**Exercise description**
Among the entries that follow, find every line with the word "three" and list it.
Extracted records Start Marker
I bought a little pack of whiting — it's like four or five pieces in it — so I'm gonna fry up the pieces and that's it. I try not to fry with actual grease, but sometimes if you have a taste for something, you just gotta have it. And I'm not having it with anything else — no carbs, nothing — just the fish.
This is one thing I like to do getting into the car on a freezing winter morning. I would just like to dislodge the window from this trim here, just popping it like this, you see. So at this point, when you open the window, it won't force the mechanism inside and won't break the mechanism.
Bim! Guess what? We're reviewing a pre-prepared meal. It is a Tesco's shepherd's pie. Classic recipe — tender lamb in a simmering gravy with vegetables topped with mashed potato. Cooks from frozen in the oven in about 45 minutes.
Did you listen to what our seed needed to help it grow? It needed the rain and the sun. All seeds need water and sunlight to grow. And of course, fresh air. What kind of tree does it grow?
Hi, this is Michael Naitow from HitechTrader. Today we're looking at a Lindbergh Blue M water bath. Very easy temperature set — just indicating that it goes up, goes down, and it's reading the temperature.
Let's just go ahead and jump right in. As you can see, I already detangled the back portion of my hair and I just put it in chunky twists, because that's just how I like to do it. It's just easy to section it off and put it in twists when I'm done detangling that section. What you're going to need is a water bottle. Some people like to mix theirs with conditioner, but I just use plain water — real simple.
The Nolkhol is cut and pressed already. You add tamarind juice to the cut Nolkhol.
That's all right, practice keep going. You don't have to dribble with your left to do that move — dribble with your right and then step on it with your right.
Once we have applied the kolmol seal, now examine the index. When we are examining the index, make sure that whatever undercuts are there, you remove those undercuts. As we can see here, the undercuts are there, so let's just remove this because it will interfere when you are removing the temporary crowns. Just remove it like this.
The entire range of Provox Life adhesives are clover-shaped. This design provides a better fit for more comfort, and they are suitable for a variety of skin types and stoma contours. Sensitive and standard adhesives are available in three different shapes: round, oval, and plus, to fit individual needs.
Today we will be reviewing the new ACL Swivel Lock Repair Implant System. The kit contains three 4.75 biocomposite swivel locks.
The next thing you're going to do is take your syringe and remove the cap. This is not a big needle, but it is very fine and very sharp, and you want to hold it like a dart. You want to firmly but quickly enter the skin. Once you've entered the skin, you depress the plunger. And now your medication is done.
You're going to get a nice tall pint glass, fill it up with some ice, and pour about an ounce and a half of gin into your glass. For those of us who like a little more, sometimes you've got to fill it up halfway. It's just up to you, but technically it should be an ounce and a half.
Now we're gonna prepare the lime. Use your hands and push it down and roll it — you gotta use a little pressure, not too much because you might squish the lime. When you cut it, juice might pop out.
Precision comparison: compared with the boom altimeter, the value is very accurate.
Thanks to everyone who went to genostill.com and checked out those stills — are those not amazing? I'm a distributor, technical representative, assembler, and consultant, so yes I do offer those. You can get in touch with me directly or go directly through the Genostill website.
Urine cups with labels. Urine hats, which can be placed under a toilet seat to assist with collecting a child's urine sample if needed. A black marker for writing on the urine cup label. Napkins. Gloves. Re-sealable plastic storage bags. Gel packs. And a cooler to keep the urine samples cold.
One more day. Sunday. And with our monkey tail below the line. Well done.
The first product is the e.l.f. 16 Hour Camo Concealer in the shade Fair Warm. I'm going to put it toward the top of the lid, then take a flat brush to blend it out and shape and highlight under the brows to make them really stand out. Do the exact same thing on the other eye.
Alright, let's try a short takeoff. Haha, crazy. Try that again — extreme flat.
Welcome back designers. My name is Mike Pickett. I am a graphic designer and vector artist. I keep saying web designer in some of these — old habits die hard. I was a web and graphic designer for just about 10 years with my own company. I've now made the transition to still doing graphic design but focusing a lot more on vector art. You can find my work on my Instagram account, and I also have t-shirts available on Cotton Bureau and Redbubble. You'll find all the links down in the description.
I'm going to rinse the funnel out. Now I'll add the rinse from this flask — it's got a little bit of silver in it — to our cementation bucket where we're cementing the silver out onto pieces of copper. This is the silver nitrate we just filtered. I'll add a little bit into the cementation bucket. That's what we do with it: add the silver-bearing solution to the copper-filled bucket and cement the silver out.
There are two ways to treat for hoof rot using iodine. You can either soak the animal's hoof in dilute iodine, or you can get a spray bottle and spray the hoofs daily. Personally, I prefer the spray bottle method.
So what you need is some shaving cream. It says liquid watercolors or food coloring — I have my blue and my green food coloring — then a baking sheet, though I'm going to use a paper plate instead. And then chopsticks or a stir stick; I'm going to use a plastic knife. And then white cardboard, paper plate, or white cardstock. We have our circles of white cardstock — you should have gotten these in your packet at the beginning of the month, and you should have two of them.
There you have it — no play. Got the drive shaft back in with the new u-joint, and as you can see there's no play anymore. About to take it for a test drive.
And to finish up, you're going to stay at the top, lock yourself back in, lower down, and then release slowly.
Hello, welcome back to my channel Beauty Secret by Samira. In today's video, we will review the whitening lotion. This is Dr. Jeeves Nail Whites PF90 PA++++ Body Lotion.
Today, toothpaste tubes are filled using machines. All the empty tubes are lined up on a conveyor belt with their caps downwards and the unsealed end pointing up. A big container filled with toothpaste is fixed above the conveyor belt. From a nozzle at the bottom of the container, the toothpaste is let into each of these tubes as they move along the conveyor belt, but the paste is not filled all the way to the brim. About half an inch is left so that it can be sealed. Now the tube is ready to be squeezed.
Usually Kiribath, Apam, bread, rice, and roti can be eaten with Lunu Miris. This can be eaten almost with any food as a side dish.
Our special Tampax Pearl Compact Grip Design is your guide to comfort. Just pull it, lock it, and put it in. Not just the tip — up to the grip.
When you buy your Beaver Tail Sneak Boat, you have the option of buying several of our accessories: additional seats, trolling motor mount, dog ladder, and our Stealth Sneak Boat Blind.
Extracted records End Marker
**Answer to the exercise**
The entire range of Provox Life adhesives are clover-shaped. This design provides a better fit for more comfort, and they are suitable for a variety of skin types and stoma contours. Sensitive and standard adhesives are available in three different shapes: round, oval, and plus, to fit individual needs.
Today we will be reviewing the new ACL Swivel Lock Repair Implant System. The kit contains three 4.75 biocomposite swivel locks.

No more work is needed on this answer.